[Short web captions]

• • •

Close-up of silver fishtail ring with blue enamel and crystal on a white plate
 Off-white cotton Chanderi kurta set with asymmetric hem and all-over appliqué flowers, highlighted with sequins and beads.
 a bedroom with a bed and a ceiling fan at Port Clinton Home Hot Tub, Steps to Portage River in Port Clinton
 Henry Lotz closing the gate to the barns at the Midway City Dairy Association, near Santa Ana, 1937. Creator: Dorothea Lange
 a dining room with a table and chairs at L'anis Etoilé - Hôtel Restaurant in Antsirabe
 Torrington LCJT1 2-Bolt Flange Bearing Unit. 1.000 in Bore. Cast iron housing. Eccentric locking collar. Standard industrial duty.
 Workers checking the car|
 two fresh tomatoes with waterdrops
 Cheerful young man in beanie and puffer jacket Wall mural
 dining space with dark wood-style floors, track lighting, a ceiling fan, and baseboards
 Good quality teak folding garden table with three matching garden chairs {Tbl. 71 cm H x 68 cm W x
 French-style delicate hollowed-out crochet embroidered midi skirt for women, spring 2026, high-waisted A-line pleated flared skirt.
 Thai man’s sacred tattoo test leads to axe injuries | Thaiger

• • •

▶ **What to produce**:
Please restate only the opening stretch of the records above: every line from the first through the one containing "a bedroom with", exactly as written.

▶ **Output below**:
Close-up of silver fishtail ring with blue enamel and crystal on a white plate
 Off-white cotton Chanderi kurta set with asymmetric hem and all-over appliqué flowers, highlighted with sequins and beads.
 a bedroom with a bed and a ceiling fan at Port Clinton Home Hot Tub, Steps to Portage River in Port Clinton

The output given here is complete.